Standoffish
When the heat goes off in my apartment, as it regularly does these days, I know it even in my sleep. Coming out of a dream, I burrow deeper under my quilt. I let the sheet cover my ears and hug my knees to my chest. I do it without thinking, without ever opening my eyes. I entreat the dream to continue, though it often ends like an interrupted sentence.
Lately the ball of self-doubt in my chest has swollen uncomfortably. I can scarcely breathe sometimes. On my break at work, I seek out the empty table in the farthest corner. I stare into my yogurt cup, sip my off-brand cafeteria cola and mentally list the things that are troubling me. The list is more than a habit. It is a ritual, a way of climbing to the top of the pain and looking down at it all. I’m the king of the castle, you see. Recently, a co-worker teased me about it - the eating alone, not the list-making. I didn’t know what to say, so I tried to laugh. The laugh came out all hollow and false.
I learned early on that there are words for people like me, and none of them kind: loner, recluse, introvert, misanthrope. They are words that mean a person who keeps herself to herself. If I could have in that moment, I would have pulled my legs up onto the cafeteria chair and hugged my knees to my chest. I would have shut my eyes and let my hair fall over my face. Isn’t it exhausting to refuse your first impulse every time? Simply exhausting to be a person who brushes her teeth and talks about the weather and says “Good morning!” convincingly.
What loners understand and non-loners never will, is that neither of us wants to be alone, but one of us has to be in order to survive. In twelfth grade I discovered I could sleep off the stress. It was a discovery that destroyed a lot of things for me that year - my perfect grades, my relationships, my fifteen year commitment to dance classes - but I still wonder with some frequency whether it may have saved my life. Looking back, I remember very little of that year, but I remember the way it felt to come home from school and climb into bed with all my clothes on. I remember pulling down the shades at 3 o’clock in the afternoon.
There is a line from the song “Why Does It Always Rain On Me?” by the band Travis that goes “I’m seeing a tunnel at the end of all these lights.” It is the line that springs to mind whenever someone says “What have you got to be sad about?

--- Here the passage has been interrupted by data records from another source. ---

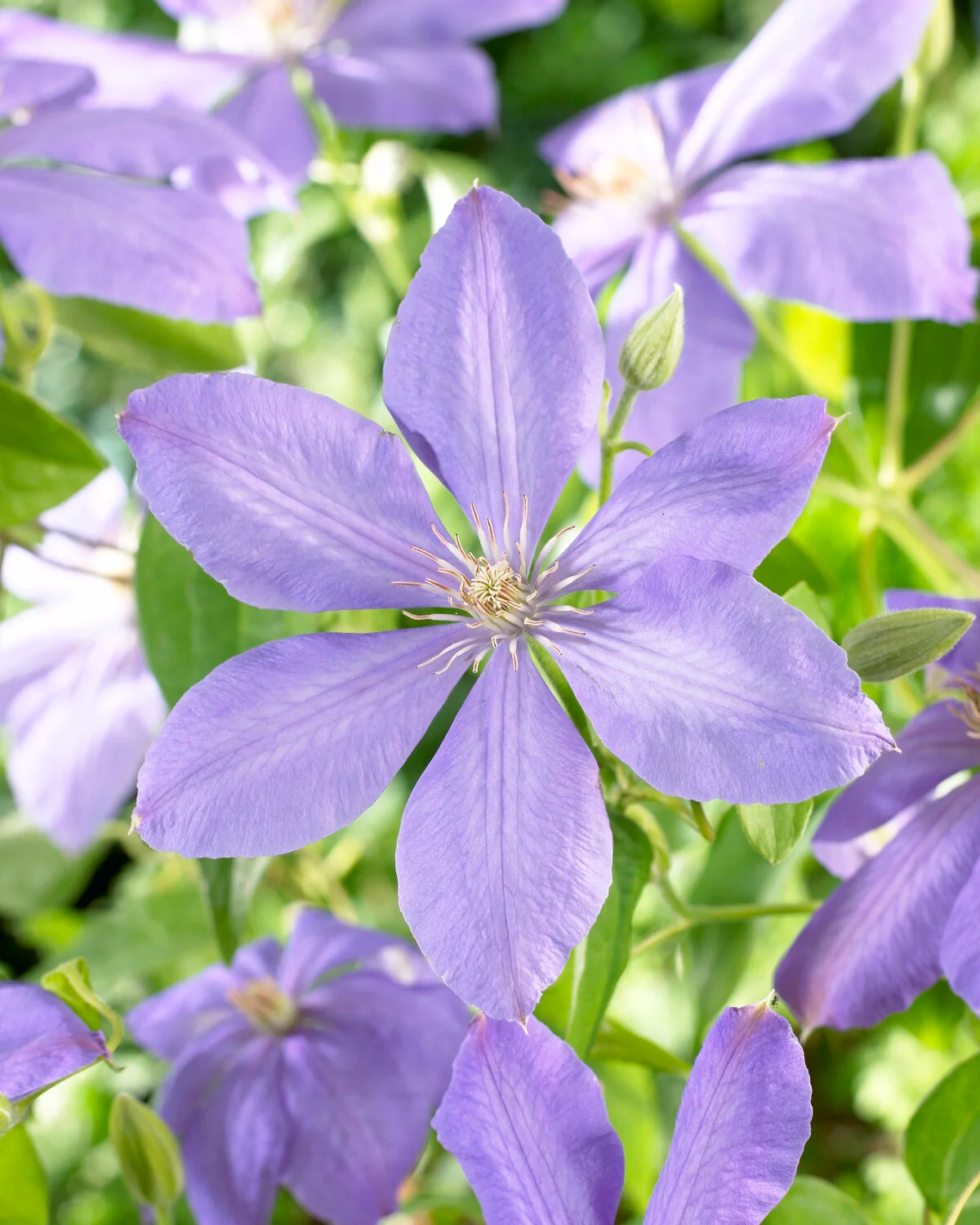 Clematis 'Mrs Cholmondeley' - Image 6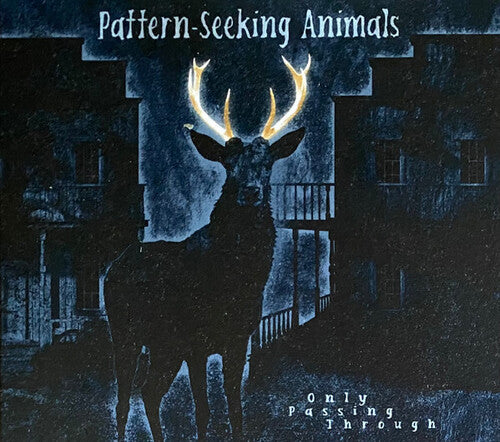 Pattern-Seeking Animals Only Passing Through - CD Album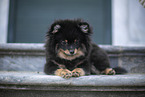 Pomeranian Welpe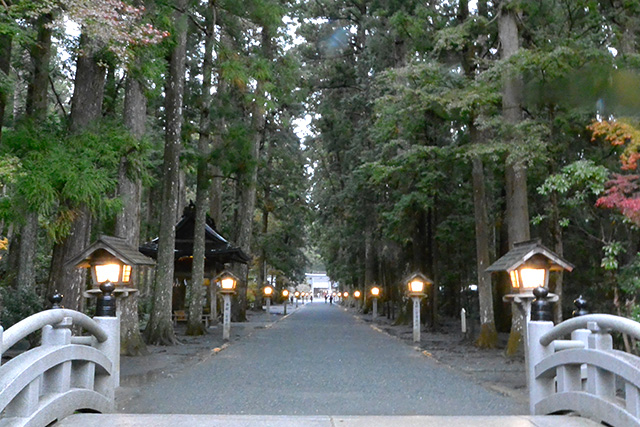 小國神社・松並み木の参道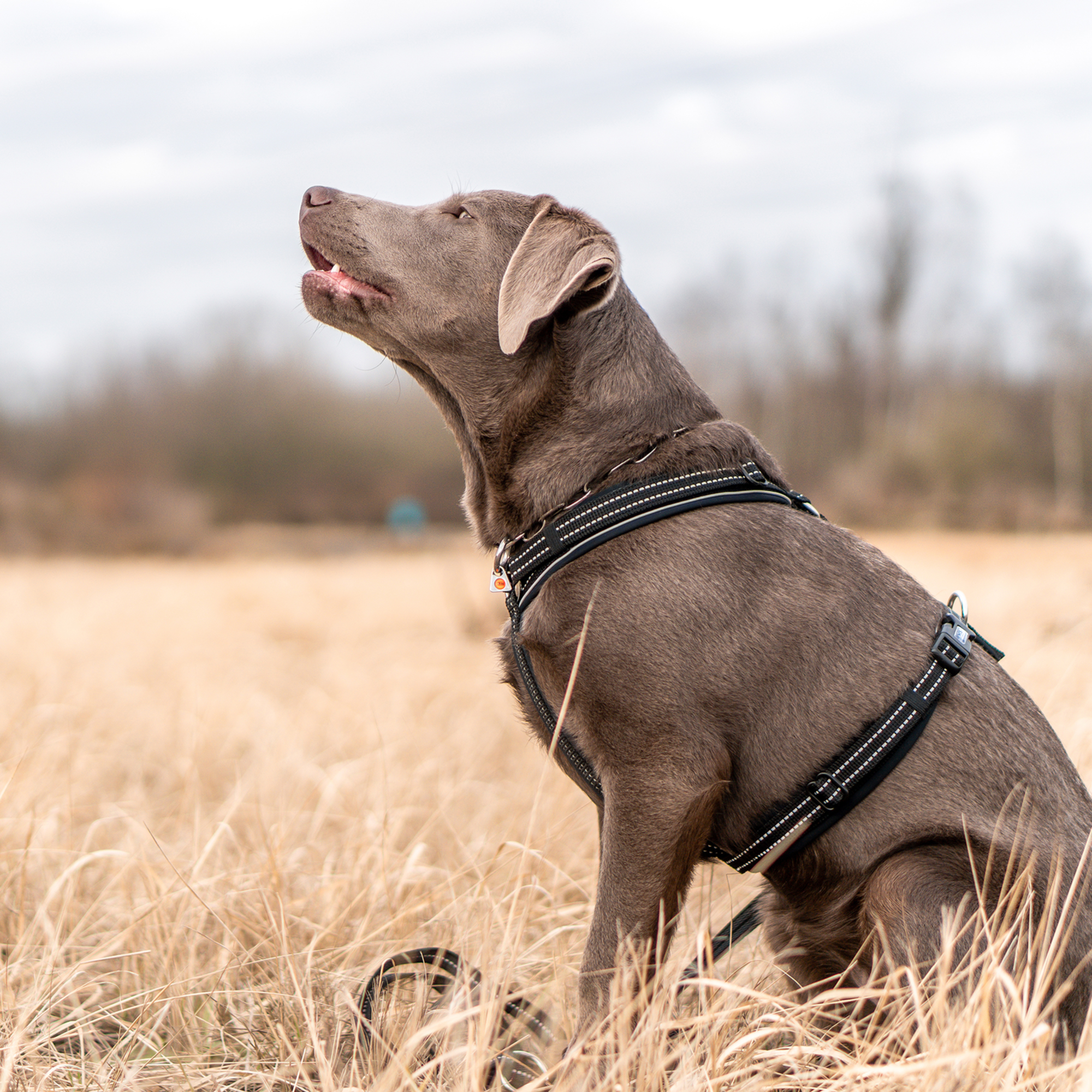 Hundegeschirr Y-Geschirr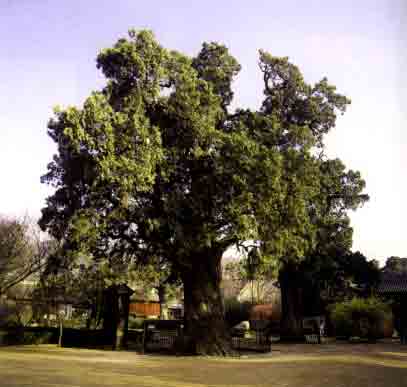 938-2005-3-25-8-00-23286.jpg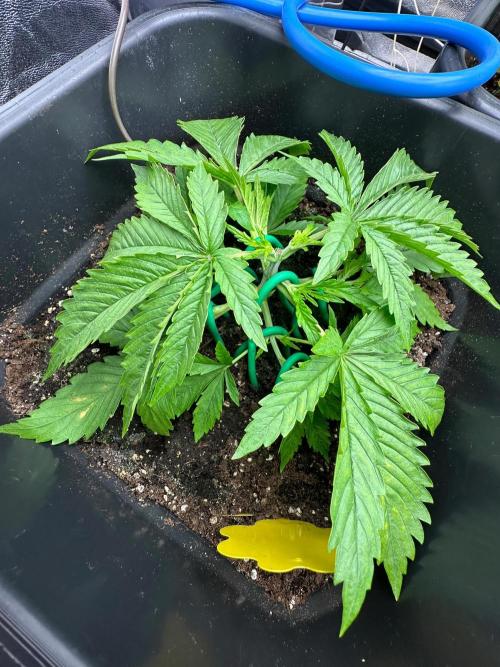 Blue Tropicana Milk. Week 3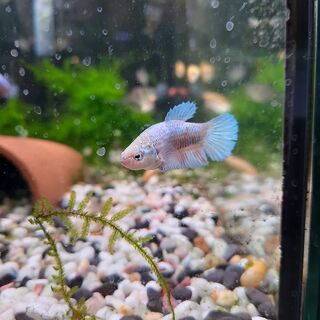 Betta Various Females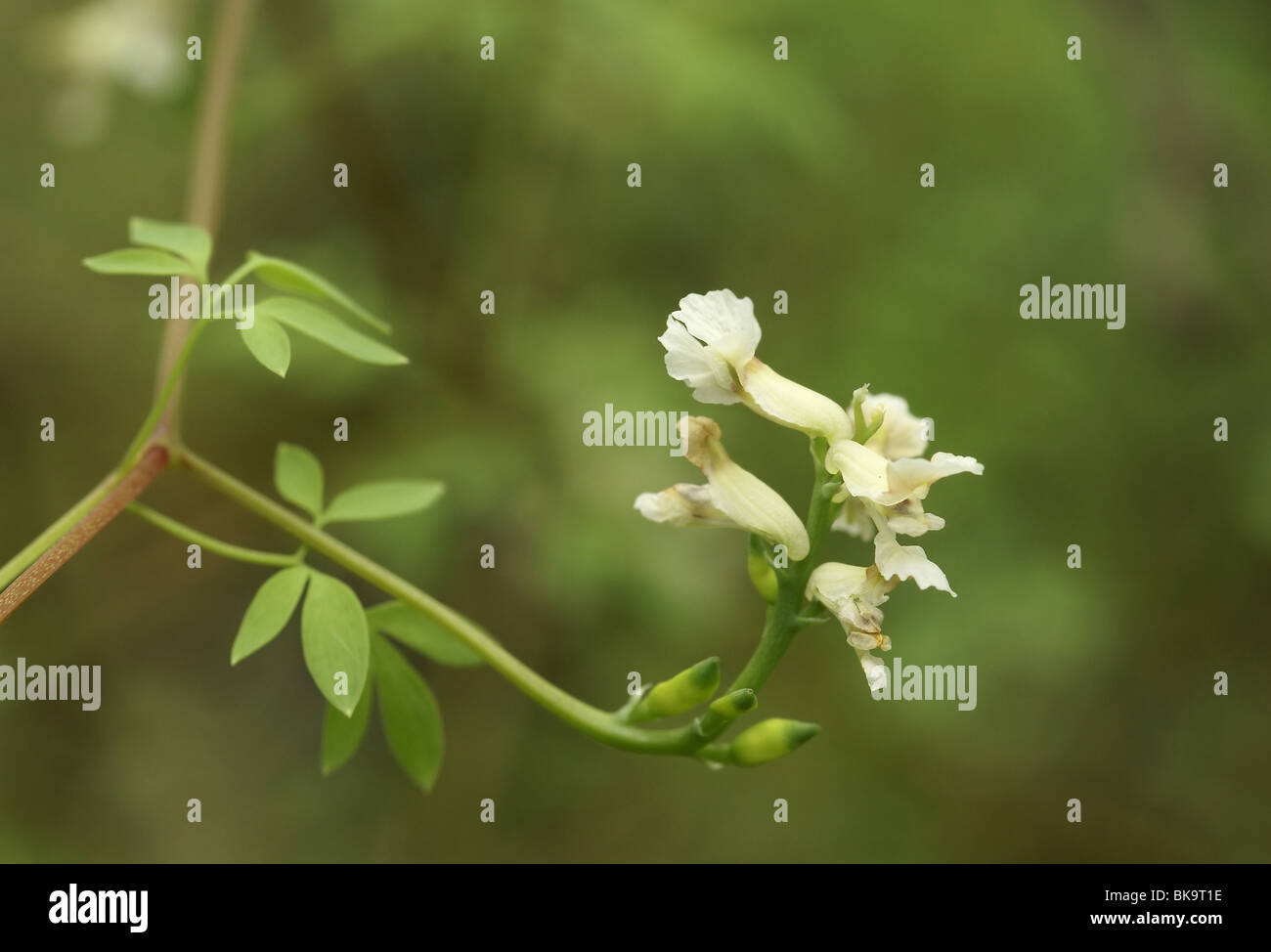 Macro opname van witte bloemen van Rankende helmbloem met blaadjes. Stock Photo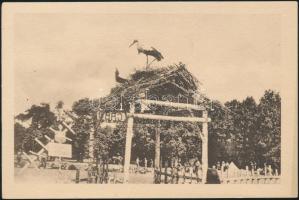 Gödöllő Jamboree 1933 (pinhole)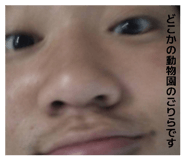 841574409
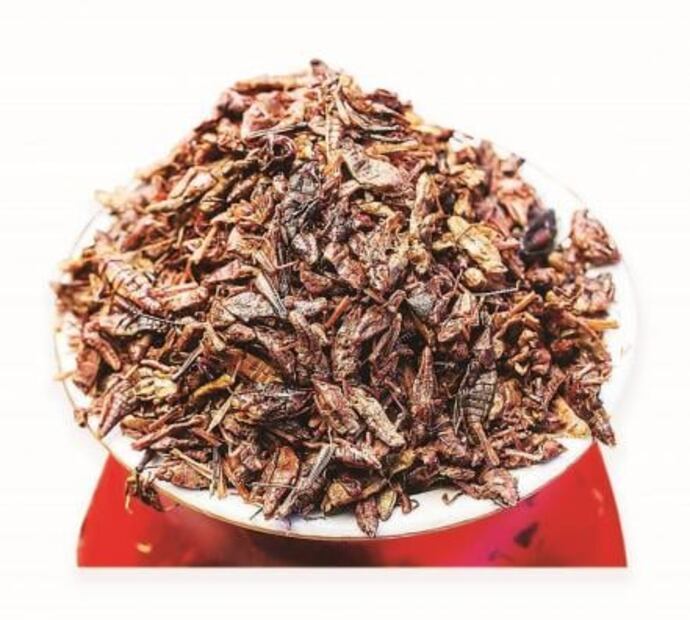 Por qué el chapulín es mejor que la carne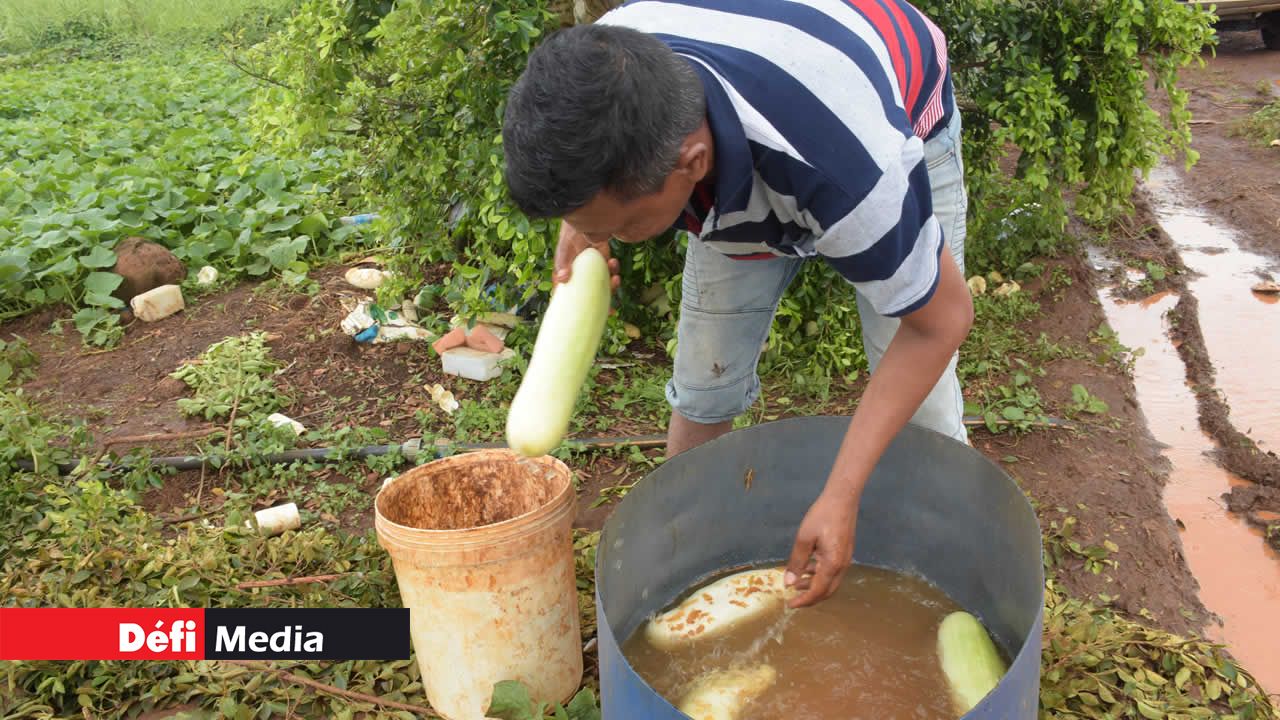 Des concombres qui sont lavés avant d’être mis sur le marché. Hiran Ramjan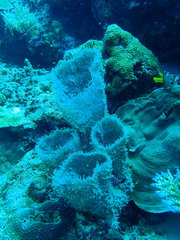 Callyspongia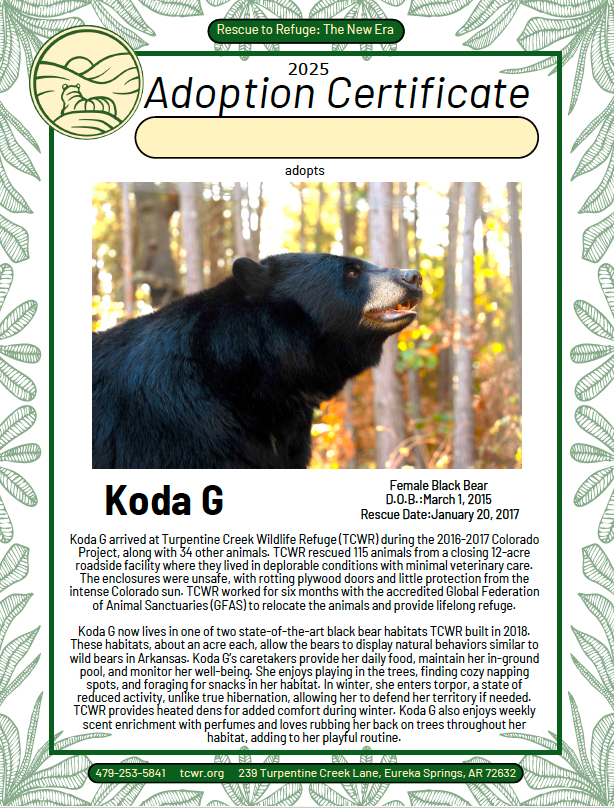 Koda G Bear Adoption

Look at how many wonderful things you have in your life!” It’s true. I have no right to this unhappiness, no claim to that lonely table. But there are those of us who see tunnels or seek them out as a matter of course. We are used to keeping ourselves in the dark, in every sense of the phrase. So let me shed some light. Let me tell you the truth: it is dangerous when your sadness becomes your safe place.
I have only just begun to understand what this means for me. It means that my worries, my anxiety, and the wild plunges of my self-esteem are beginning to show their claws. I am jealous - jealous of strangers, and worse, of friends. It is a jealousy that paralyzes, that chokes compliments in my mouth. I am often bitter. My words come out too sharp or not at all. I can no longer distinguish my selfishness from my self-preservation. Isn’t she a strange bird? The loner who longs to be the center of attention. But perhaps it is natural to run from what we want most. I cut myself off from my cravings rather than swallow myself whole.
For now, I burrow deeper. I turn off my phone. I entreat the dream to continue.